Prof Bayard, who was in every way a larger than life figure, was born in the United States. He became a pioneering archaeologist in Southeast Asia and, later, a trail-blazing researcher in New Zealand sociolinguistics.

Prof Bayard was an anthropology department staff member for 32 years, having initially been hired by internationally respected archaeologist Prof Charles Higham, the then departmental head.

Current head Dr Ian Frazer recently paid tribute to Prof Bayard's path-breaking contributions in many fields, including Polynesian prehistory, archaeological theory, Southeast Asian prehistory and New Zealand sociolinguistics.

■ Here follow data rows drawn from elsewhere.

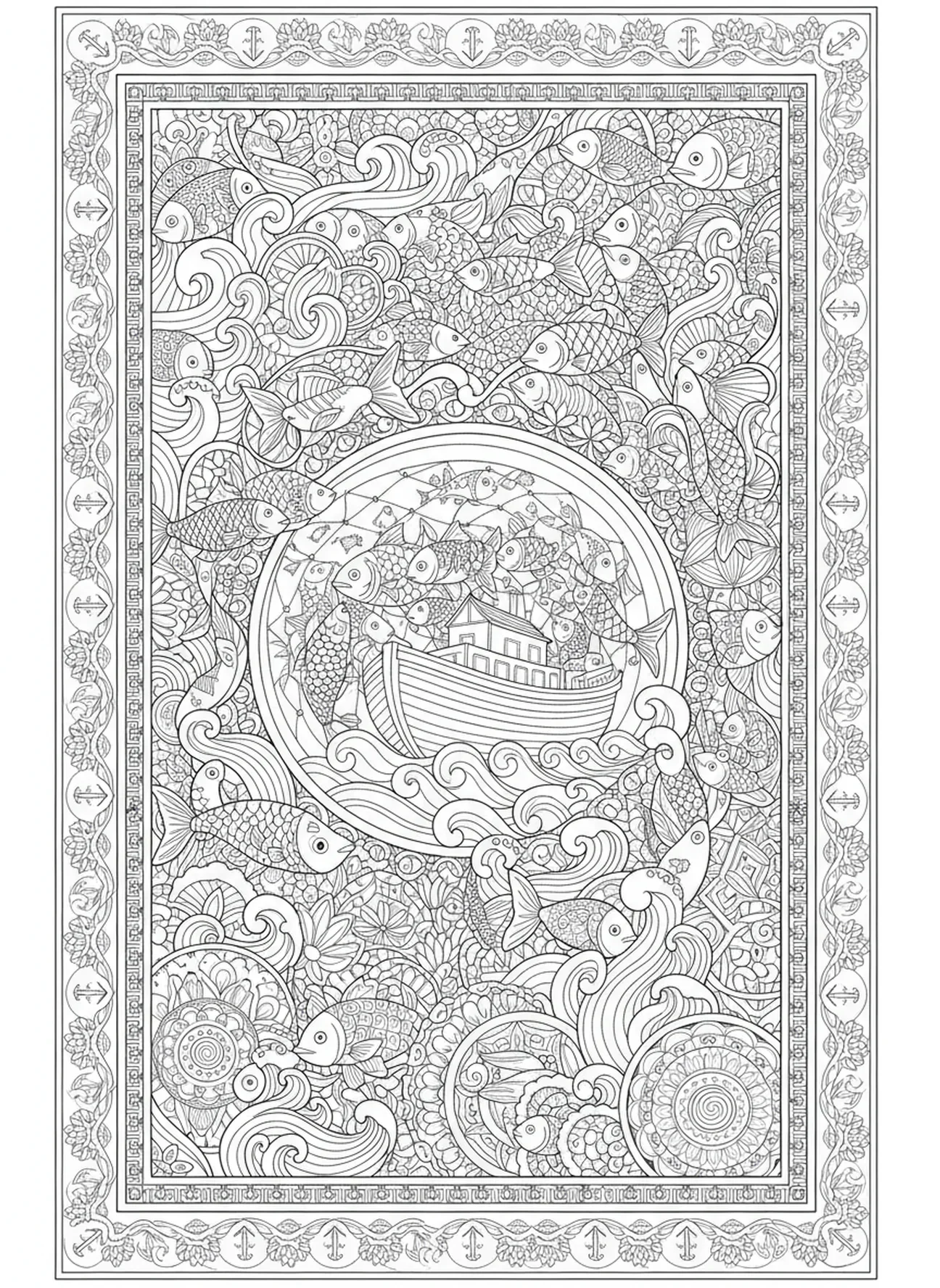 Captura abundante de peces, página para colorear del Mar de Galilea en estilo de journaling bíblico para adultos.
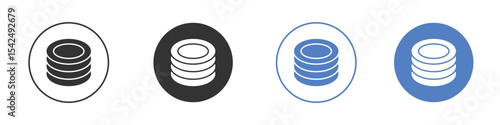 Plates icon collection for app in black and blue colors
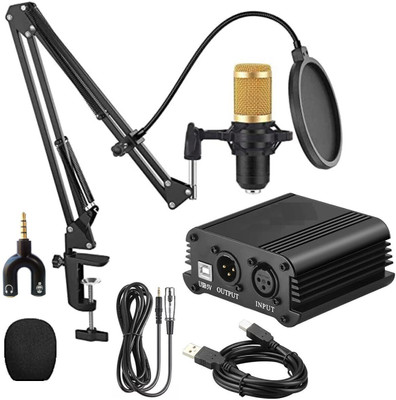 IMAGINEA BM800 Condenser Microphone Set for Singing, PC etc. with 48V USB Phantom Power Audio interface inbuilt phantom power supply for Podcast, Singing(Multicolor)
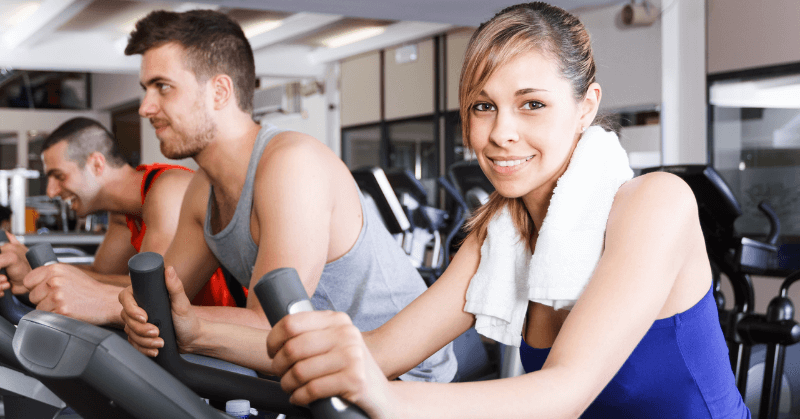 Indoor cycling class Indoor cycling class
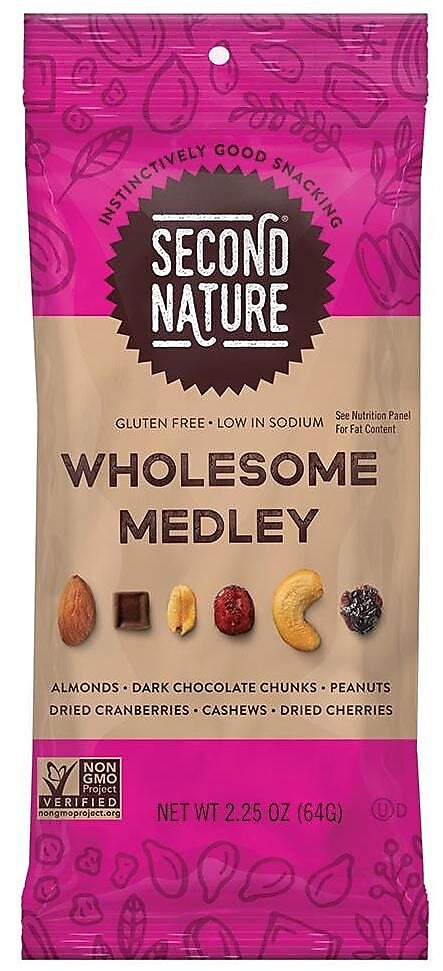 Second Nature Wholesome Medley Gluten Free Trail Mix, 2.25 oz., 12 Bags/Pack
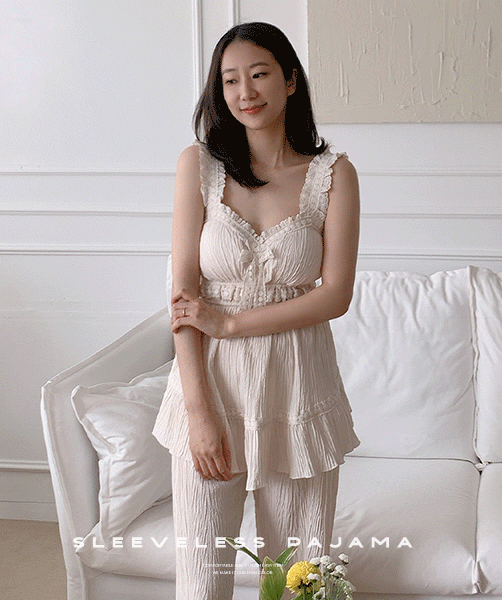 [여성] 스트링 민소매 잠옷세트 &#039;6월 입고예정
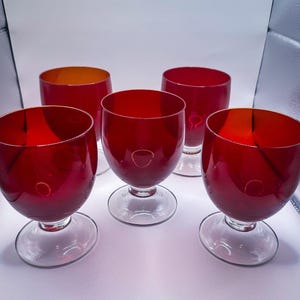 Vintage Ruby Red Glass Goblets Set of 5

Prof Bayard had also made an "invaluable contribution" to the department's growth and development, Dr Frazer said. Prof Bayard had always been an enthusiastic teacher, helping generations of graduate students achieve their first publications.

Prof Bayard once said he had come to New Zealand to escape the worst of American racism. He was also attracted by a social democracy and the "incredible beauty" of Dunedin and New Zealand.

Despite his academic success, he remained self-effacing, not given to academic grandstanding or one-upmanship.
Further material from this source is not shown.